• Captioned web images:
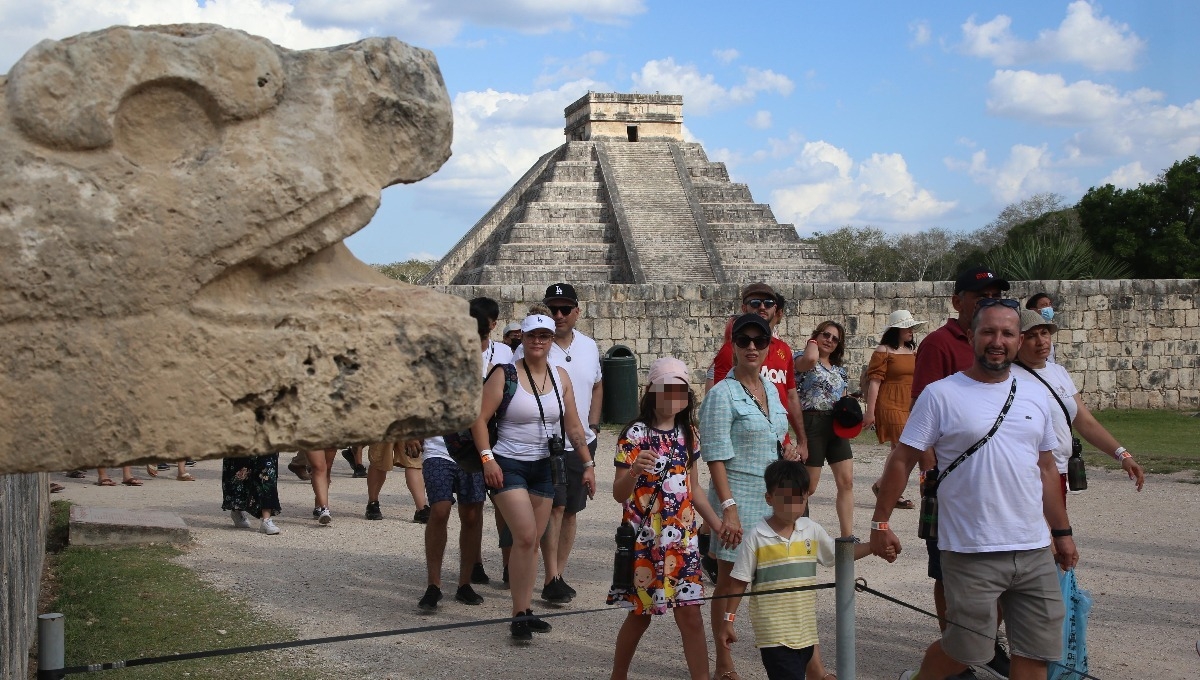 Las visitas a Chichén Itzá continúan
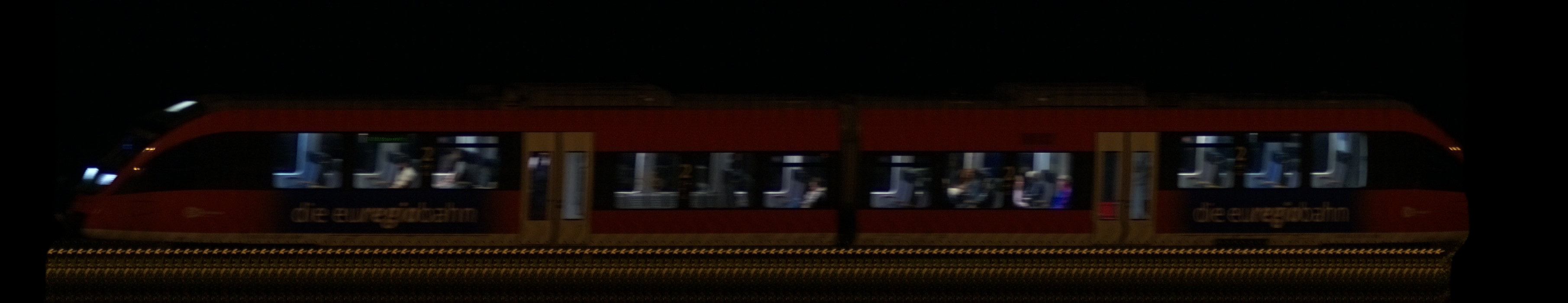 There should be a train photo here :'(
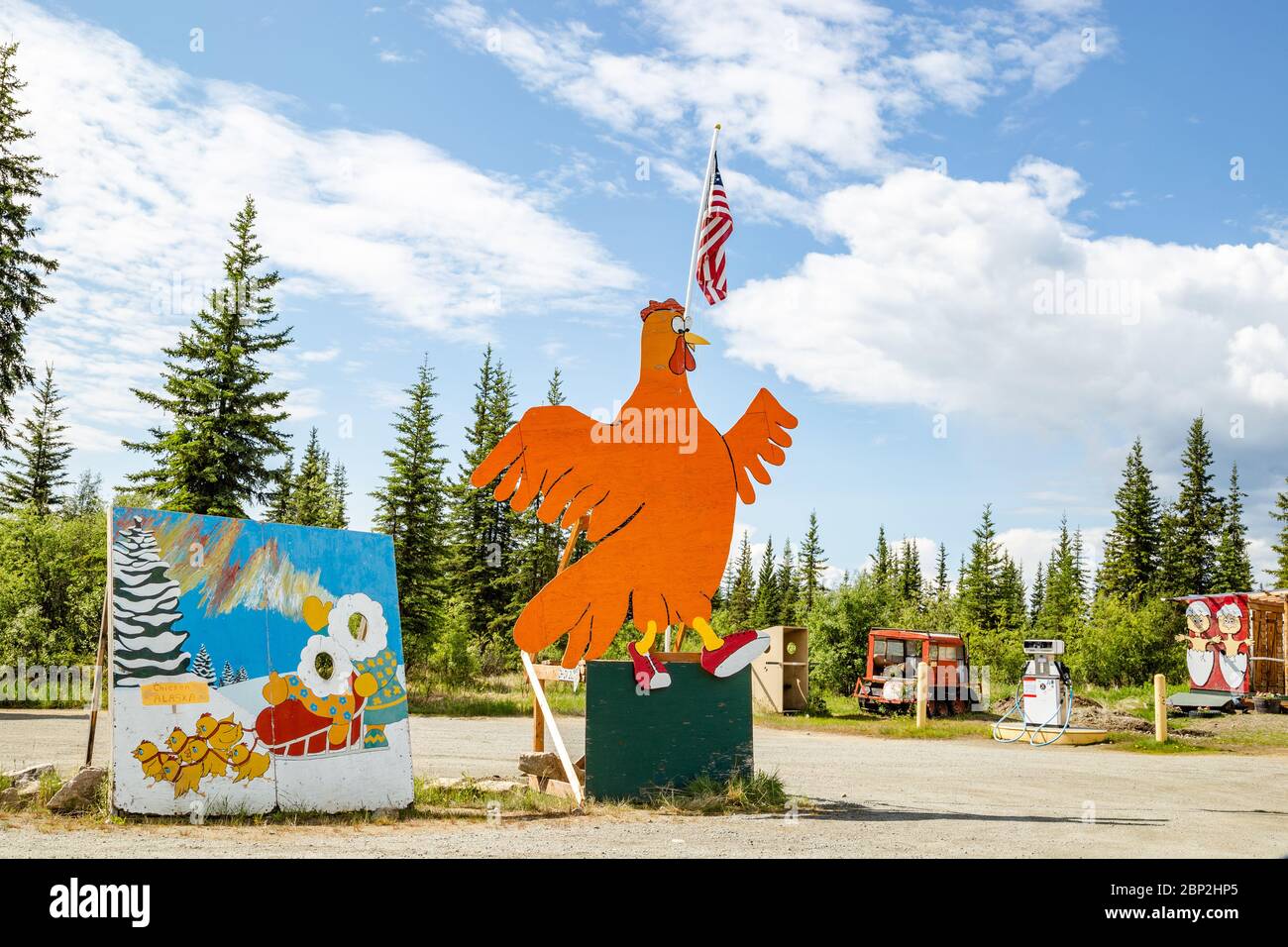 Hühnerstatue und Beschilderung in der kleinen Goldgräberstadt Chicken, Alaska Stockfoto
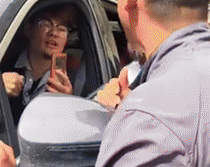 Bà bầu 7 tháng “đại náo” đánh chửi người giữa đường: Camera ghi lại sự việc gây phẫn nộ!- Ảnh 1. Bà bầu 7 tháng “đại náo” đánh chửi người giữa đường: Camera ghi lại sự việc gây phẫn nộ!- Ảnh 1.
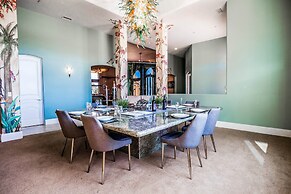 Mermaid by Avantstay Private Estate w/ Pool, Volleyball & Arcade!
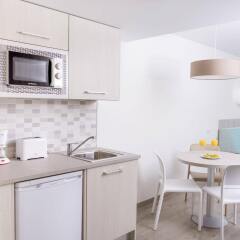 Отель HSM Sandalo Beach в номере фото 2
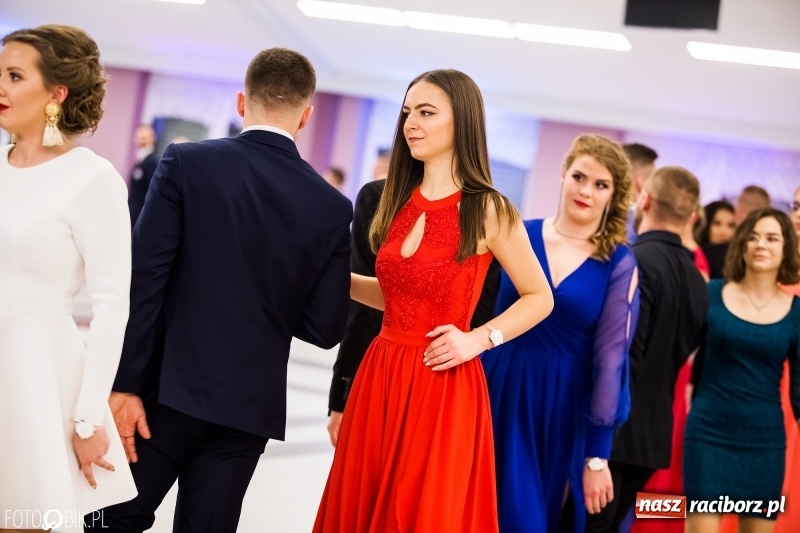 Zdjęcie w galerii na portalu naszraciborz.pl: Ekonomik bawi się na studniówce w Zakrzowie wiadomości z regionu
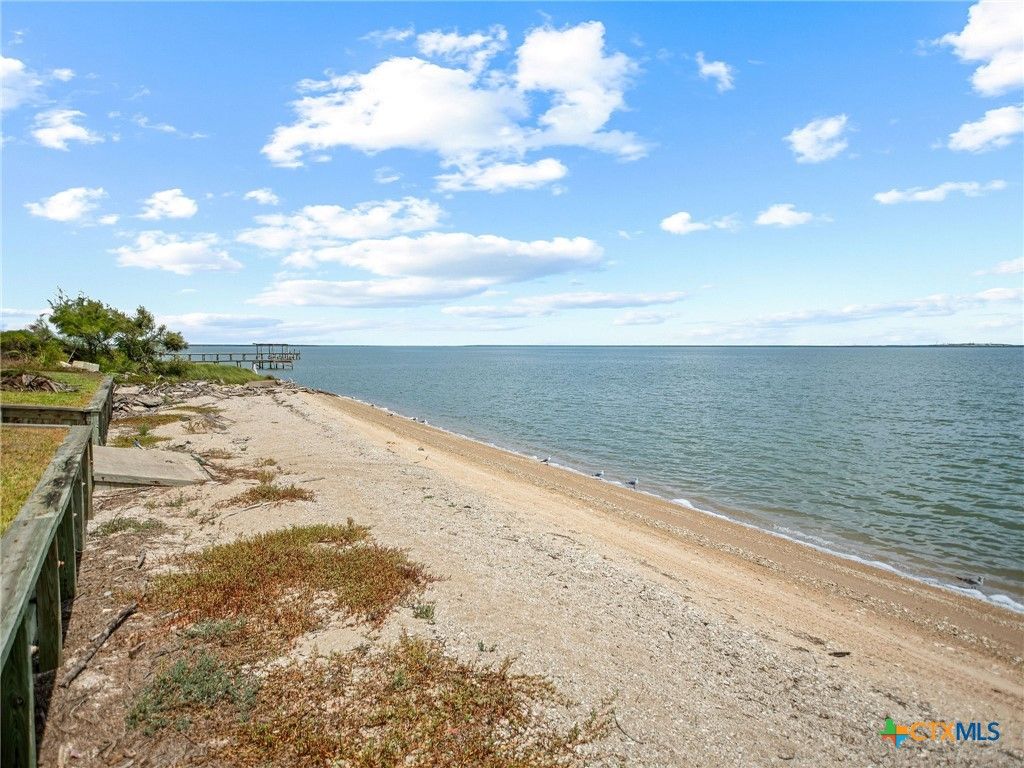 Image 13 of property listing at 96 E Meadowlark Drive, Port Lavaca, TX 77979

• What this task involves:
What the response needs is every entry, repeated exactly, and none of the pictures.

• Written answer:
 Las visitas a Chichén Itzá continúan
 There should be a train photo here :'(
 Hühnerstatue und Beschilderung in der kleinen Goldgräberstadt Chicken, Alaska Stockfoto
 Bà bầu 7 tháng “đại náo” đánh chửi người giữa đường: Camera ghi lại sự việc gây phẫn nộ!- Ảnh 1. Bà bầu 7 tháng “đại náo” đánh chửi người giữa đường: Camera ghi lại sự việc gây phẫn nộ!- Ảnh 1.
 Mermaid by Avantstay Private Estate w/ Pool, Volleyball & Arcade!
 Отель HSM Sandalo Beach в номере фото 2
 Zdjęcie w galerii na portalu naszraciborz.pl: Ekonomik bawi się na studniówce w Zakrzowie wiadomości z regionu
 Image 13 of property listing at 96 E Meadowlark Drive, Port Lavaca, TX 77979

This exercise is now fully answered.